▸ **EXERCISE GOAL**: Find the line with "Photo 32 of" in the records below. Output exactly from there until after the line with "MG ZS 2020 car image #12", without pictures.

▸ **SUPPLIED DATA**:
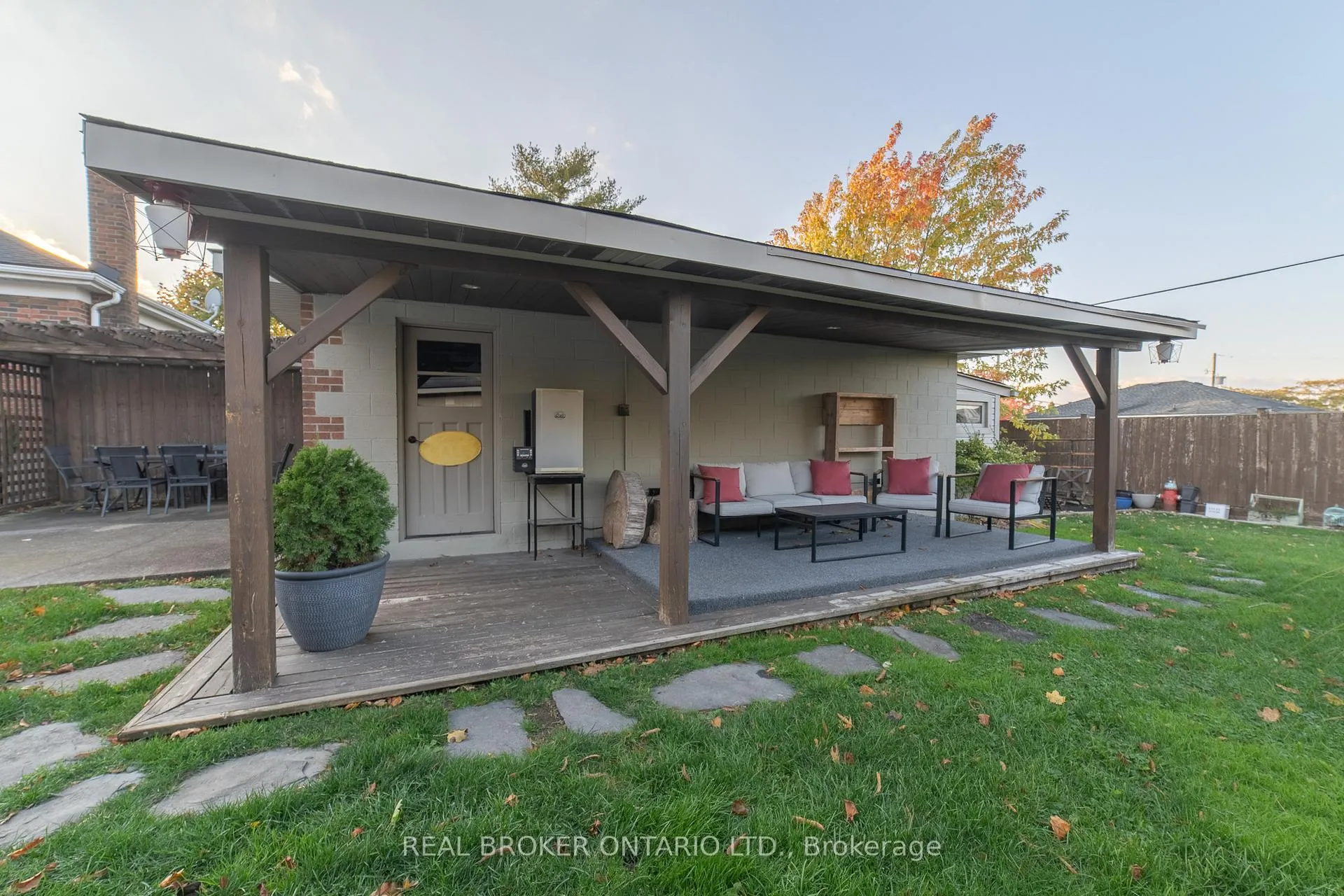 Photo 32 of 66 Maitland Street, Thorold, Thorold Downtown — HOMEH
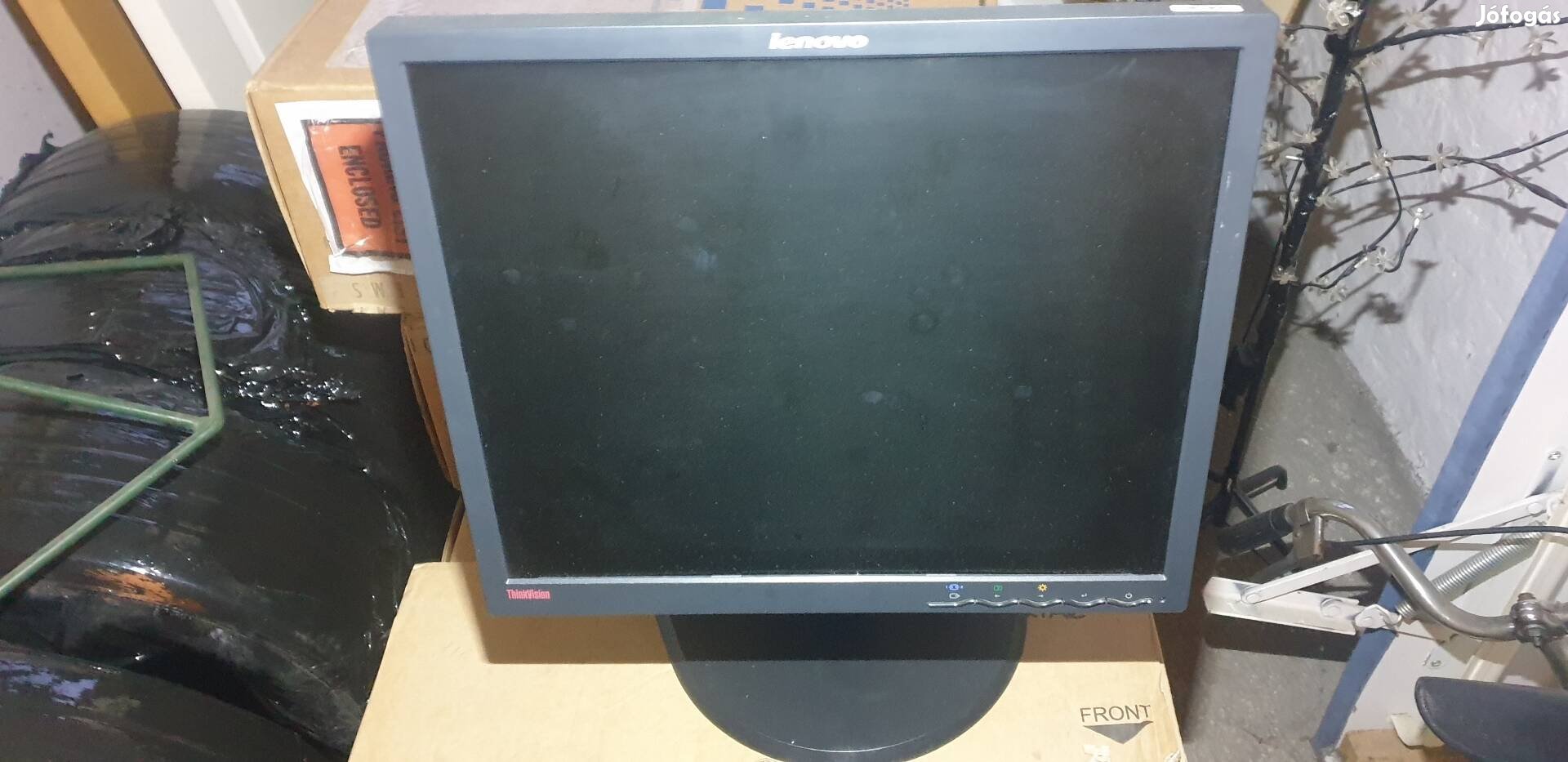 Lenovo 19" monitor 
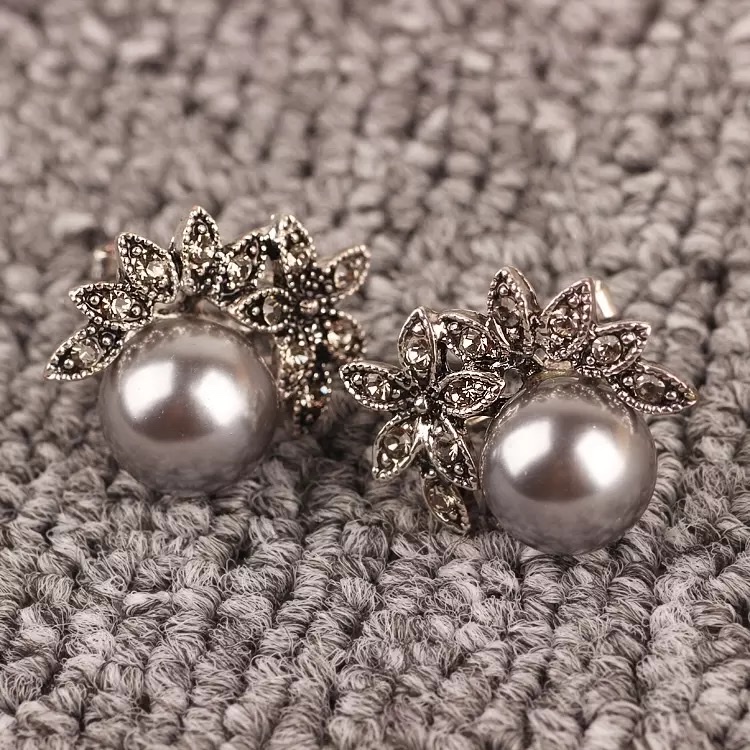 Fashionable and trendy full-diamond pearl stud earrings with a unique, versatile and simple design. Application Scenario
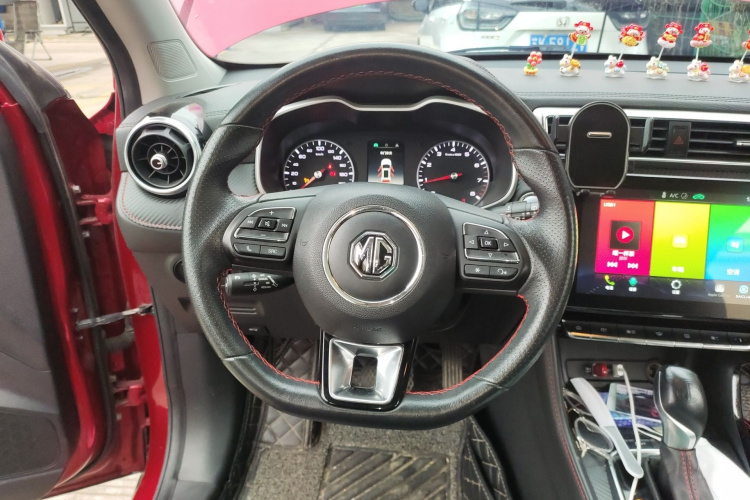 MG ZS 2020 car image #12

...

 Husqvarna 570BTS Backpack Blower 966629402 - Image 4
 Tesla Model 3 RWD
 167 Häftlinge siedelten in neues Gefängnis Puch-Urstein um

▸ **TASK ANSWER**:
 Photo 32 of 66 Maitland Street, Thorold, Thorold Downtown — HOMEH
 Lenovo 19" monitor 
 Fashionable and trendy full-diamond pearl stud earrings with a unique, versatile and simple design. Application Scenario
 MG ZS 2020 car image #12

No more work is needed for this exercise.